=== Section Start ===
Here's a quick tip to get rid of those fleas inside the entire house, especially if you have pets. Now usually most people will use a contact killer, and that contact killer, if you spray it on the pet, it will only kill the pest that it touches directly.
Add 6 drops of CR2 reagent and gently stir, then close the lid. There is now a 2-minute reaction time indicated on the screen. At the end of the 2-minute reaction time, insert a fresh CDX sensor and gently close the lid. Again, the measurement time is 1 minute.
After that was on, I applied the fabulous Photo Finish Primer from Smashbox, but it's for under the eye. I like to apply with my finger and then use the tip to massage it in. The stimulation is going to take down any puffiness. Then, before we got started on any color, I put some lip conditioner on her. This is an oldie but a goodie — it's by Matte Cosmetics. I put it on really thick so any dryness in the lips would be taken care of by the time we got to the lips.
=== Section End ===
=== Section Start ===
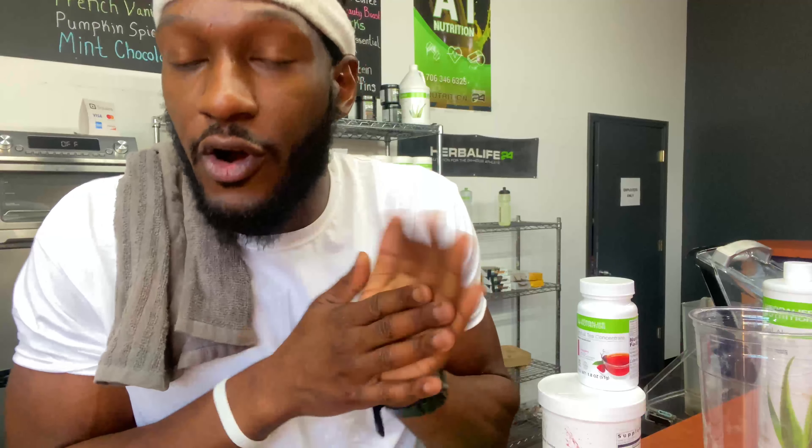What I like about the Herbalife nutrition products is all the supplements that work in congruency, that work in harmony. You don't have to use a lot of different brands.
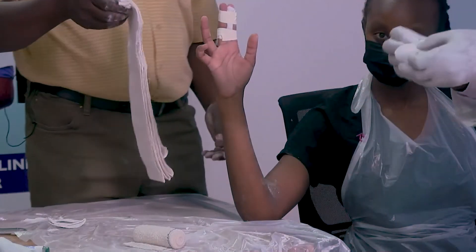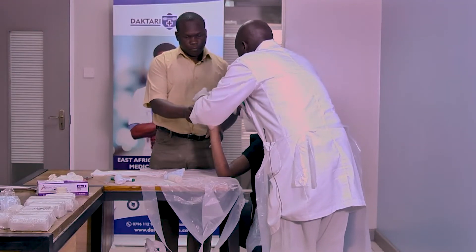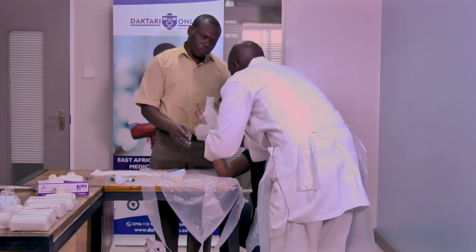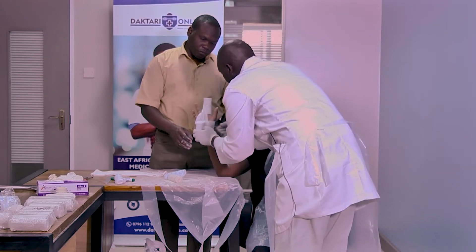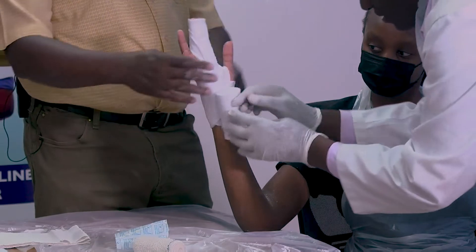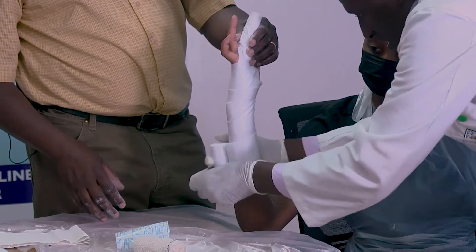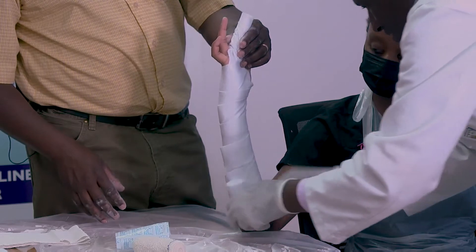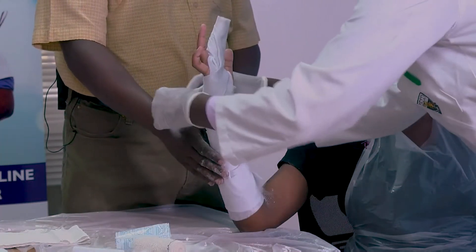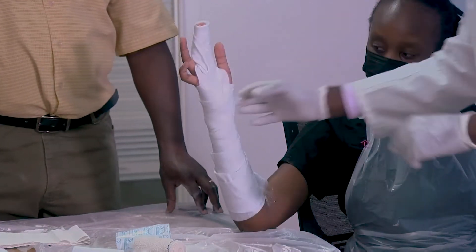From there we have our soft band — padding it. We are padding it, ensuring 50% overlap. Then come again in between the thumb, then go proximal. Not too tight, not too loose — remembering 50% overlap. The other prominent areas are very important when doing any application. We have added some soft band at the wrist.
=== Section End ===
Going through the data above, return each line with the word "time".

Solution:
Add 6 drops of CR2 reagent and gently stir, then close the lid. There is now a 2-minute reaction time indicated on the screen. At the end of the 2-minute reaction time, insert a fresh CDX sensor and gently close the lid. Again, the measurement time is 1 minute.
After that was on, I applied the fabulous Photo Finish Primer from Smashbox, but it's for under the eye. I like to apply with my finger and then use the tip to massage it in. The stimulation is going to take down any puffiness. Then, before we got started on any color, I put some lip conditioner on her. This is an oldie but a goodie — it's by Matte Cosmetics. I put it on really thick so any dryness in the lips would be taken care of by the time we got to the lips.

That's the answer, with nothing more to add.